• [DESCRIPTION OF THE TASK]:
Each entry that appears below should be restated word for word.

• [DATA FOR THE TASK]:
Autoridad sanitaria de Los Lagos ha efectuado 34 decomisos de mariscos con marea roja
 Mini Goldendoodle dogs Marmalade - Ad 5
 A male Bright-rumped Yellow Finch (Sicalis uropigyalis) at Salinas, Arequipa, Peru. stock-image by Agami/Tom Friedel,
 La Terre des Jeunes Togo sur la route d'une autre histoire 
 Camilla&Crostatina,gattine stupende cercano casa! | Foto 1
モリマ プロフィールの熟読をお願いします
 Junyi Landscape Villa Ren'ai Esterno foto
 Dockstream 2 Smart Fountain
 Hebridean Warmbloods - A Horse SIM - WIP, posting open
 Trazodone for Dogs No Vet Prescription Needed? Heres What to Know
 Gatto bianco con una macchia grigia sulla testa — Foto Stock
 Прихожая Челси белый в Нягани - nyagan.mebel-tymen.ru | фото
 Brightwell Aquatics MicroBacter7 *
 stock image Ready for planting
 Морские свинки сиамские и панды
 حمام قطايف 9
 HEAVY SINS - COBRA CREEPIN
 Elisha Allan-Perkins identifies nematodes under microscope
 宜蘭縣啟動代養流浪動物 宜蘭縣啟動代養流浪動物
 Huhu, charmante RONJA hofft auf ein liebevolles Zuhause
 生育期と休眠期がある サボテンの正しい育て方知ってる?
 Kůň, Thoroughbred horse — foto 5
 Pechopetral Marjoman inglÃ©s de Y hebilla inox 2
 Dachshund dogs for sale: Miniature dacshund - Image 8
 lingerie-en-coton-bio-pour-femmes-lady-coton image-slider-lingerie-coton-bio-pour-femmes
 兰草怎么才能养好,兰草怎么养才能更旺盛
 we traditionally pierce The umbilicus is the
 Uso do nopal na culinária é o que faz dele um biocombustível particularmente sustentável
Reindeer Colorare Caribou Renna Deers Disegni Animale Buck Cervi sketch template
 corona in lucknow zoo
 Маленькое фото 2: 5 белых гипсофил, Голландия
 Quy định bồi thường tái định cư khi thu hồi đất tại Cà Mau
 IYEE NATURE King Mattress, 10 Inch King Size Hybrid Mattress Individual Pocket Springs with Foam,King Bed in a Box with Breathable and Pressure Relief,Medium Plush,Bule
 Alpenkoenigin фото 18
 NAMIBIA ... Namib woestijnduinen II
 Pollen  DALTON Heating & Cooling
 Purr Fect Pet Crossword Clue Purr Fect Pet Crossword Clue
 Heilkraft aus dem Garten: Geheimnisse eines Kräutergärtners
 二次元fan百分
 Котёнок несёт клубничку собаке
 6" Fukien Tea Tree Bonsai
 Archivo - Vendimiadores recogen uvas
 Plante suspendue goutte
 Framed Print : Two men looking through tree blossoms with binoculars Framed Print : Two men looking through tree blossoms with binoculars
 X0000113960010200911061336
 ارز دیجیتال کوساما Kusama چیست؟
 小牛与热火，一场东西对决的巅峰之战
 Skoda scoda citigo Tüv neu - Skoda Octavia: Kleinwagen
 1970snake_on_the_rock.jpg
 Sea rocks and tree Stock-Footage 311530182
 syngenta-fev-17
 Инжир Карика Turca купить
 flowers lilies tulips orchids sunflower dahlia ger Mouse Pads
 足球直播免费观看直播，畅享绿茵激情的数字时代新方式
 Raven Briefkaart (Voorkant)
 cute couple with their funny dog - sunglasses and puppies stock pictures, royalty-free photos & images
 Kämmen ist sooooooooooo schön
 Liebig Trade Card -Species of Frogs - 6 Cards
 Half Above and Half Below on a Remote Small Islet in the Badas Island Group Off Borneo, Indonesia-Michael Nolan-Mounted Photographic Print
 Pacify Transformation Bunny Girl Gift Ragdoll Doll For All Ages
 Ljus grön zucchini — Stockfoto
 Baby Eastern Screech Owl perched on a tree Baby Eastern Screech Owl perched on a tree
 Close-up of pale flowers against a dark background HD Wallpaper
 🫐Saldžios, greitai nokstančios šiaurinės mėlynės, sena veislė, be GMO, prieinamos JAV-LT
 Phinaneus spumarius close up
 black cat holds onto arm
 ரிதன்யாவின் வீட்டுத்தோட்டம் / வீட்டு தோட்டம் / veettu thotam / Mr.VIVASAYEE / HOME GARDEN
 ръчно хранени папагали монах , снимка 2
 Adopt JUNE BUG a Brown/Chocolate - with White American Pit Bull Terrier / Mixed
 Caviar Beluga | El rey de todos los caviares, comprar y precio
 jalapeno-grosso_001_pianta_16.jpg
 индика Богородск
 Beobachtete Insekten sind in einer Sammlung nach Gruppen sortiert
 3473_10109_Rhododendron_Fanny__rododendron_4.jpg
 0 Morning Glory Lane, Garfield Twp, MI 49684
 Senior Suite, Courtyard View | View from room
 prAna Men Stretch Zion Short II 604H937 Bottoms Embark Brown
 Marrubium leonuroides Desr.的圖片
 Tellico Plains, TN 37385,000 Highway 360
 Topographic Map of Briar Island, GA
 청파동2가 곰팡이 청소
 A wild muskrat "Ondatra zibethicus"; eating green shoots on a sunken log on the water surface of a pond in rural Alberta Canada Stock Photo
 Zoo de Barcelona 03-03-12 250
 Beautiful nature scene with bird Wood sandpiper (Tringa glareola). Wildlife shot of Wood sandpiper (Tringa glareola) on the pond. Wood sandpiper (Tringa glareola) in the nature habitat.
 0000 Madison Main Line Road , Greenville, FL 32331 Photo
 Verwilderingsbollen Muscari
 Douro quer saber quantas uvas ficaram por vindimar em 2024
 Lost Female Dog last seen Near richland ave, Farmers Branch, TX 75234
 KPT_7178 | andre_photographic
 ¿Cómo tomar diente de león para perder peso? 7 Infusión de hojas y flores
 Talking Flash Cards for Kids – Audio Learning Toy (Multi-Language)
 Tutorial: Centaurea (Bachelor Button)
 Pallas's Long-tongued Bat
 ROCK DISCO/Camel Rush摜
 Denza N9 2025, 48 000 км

• [SOLUTION TO THIS TASK]:
Autoridad sanitaria de Los Lagos ha efectuado 34 decomisos de mariscos con marea roja
 Mini Goldendoodle dogs Marmalade - Ad 5
 A male Bright-rumped Yellow Finch (Sicalis uropigyalis) at Salinas, Arequipa, Peru. stock-image by Agami/Tom Friedel,
 La Terre des Jeunes Togo sur la route d'une autre histoire 
 Camilla&Crostatina,gattine stupende cercano casa! | Foto 1
モリマ プロフィールの熟読をお願いします
 Junyi Landscape Villa Ren'ai Esterno foto
 Dockstream 2 Smart Fountain
 Hebridean Warmbloods - A Horse SIM - WIP, posting open
 Trazodone for Dogs No Vet Prescription Needed? Heres What to Know
 Gatto bianco con una macchia grigia sulla testa — Foto Stock
 Прихожая Челси белый в Нягани - nyagan.mebel-tymen.ru | фото
 Brightwell Aquatics MicroBacter7 *
 stock image Ready for planting
 Морские свинки сиамские и панды
 حمام قطايف 9
 HEAVY SINS - COBRA CREEPIN
 Elisha Allan-Perkins identifies nematodes under microscope
 宜蘭縣啟動代養流浪動物 宜蘭縣啟動代養流浪動物
 Huhu, charmante RONJA hofft auf ein liebevolles Zuhause
 生育期と休眠期がある サボテンの正しい育て方知ってる?
 Kůň, Thoroughbred horse — foto 5
 Pechopetral Marjoman inglÃ©s de Y hebilla inox 2
 Dachshund dogs for sale: Miniature dacshund - Image 8
 lingerie-en-coton-bio-pour-femmes-lady-coton image-slider-lingerie-coton-bio-pour-femmes
 兰草怎么才能养好,兰草怎么养才能更旺盛
 we traditionally pierce The umbilicus is the
 Uso do nopal na culinária é o que faz dele um biocombustível particularmente sustentável
Reindeer Colorare Caribou Renna Deers Disegni Animale Buck Cervi sketch template
 corona in lucknow zoo
 Маленькое фото 2: 5 белых гипсофил, Голландия
 Quy định bồi thường tái định cư khi thu hồi đất tại Cà Mau
 IYEE NATURE King Mattress, 10 Inch King Size Hybrid Mattress Individual Pocket Springs with Foam,King Bed in a Box with Breathable and Pressure Relief,Medium Plush,Bule
 Alpenkoenigin фото 18
 NAMIBIA ... Namib woestijnduinen II
 Pollen  DALTON Heating & Cooling
 Purr Fect Pet Crossword Clue Purr Fect Pet Crossword Clue
 Heilkraft aus dem Garten: Geheimnisse eines Kräutergärtners
 二次元fan百分
 Котёнок несёт клубничку собаке
 6" Fukien Tea Tree Bonsai
 Archivo - Vendimiadores recogen uvas
 Plante suspendue goutte
 Framed Print : Two men looking through tree blossoms with binoculars Framed Print : Two men looking through tree blossoms with binoculars
 X0000113960010200911061336
 ارز دیجیتال کوساما Kusama چیست؟
 小牛与热火，一场东西对决的巅峰之战
 Skoda scoda citigo Tüv neu - Skoda Octavia: Kleinwagen
 1970snake_on_the_rock.jpg
 Sea rocks and tree Stock-Footage 311530182
 syngenta-fev-17
 Инжир Карика Turca купить
 flowers lilies tulips orchids sunflower dahlia ger Mouse Pads
 足球直播免费观看直播，畅享绿茵激情的数字时代新方式
 Raven Briefkaart (Voorkant)
 cute couple with their funny dog - sunglasses and puppies stock pictures, royalty-free photos & images
 Kämmen ist sooooooooooo schön
 Liebig Trade Card -Species of Frogs - 6 Cards
 Half Above and Half Below on a Remote Small Islet in the Badas Island Group Off Borneo, Indonesia-Michael Nolan-Mounted Photographic Print
 Pacify Transformation Bunny Girl Gift Ragdoll Doll For All Ages
 Ljus grön zucchini — Stockfoto
 Baby Eastern Screech Owl perched on a tree Baby Eastern Screech Owl perched on a tree
 Close-up of pale flowers against a dark background HD Wallpaper
 🫐Saldžios, greitai nokstančios šiaurinės mėlynės, sena veislė, be GMO, prieinamos JAV-LT
 Phinaneus spumarius close up
 black cat holds onto arm
 ரிதன்யாவின் வீட்டுத்தோட்டம் / வீட்டு தோட்டம் / veettu thotam / Mr.VIVASAYEE / HOME GARDEN
 ръчно хранени папагали монах , снимка 2
 Adopt JUNE BUG a Brown/Chocolate - with White American Pit Bull Terrier / Mixed
 Caviar Beluga | El rey de todos los caviares, comprar y precio
 jalapeno-grosso_001_pianta_16.jpg
 индика Богородск
 Beobachtete Insekten sind in einer Sammlung nach Gruppen sortiert
 3473_10109_Rhododendron_Fanny__rododendron_4.jpg
 0 Morning Glory Lane, Garfield Twp, MI 49684
 Senior Suite, Courtyard View | View from room
 prAna Men Stretch Zion Short II 604H937 Bottoms Embark Brown
 Marrubium leonuroides Desr.的圖片
 Tellico Plains, TN 37385,000 Highway 360
 Topographic Map of Briar Island, GA
 청파동2가 곰팡이 청소
 A wild muskrat "Ondatra zibethicus"; eating green shoots on a sunken log on the water surface of a pond in rural Alberta Canada Stock Photo
 Zoo de Barcelona 03-03-12 250
 Beautiful nature scene with bird Wood sandpiper (Tringa glareola). Wildlife shot of Wood sandpiper (Tringa glareola) on the pond. Wood sandpiper (Tringa glareola) in the nature habitat.
 0000 Madison Main Line Road , Greenville, FL 32331 Photo
 Verwilderingsbollen Muscari
 Douro quer saber quantas uvas ficaram por vindimar em 2024
 Lost Female Dog last seen Near richland ave, Farmers Branch, TX 75234
 KPT_7178 | andre_photographic
 ¿Cómo tomar diente de león para perder peso? 7 Infusión de hojas y flores
 Talking Flash Cards for Kids – Audio Learning Toy (Multi-Language)
 Tutorial: Centaurea (Bachelor Button)
 Pallas's Long-tongued Bat
 ROCK DISCO/Camel Rush摜
 Denza N9 2025, 48 000 км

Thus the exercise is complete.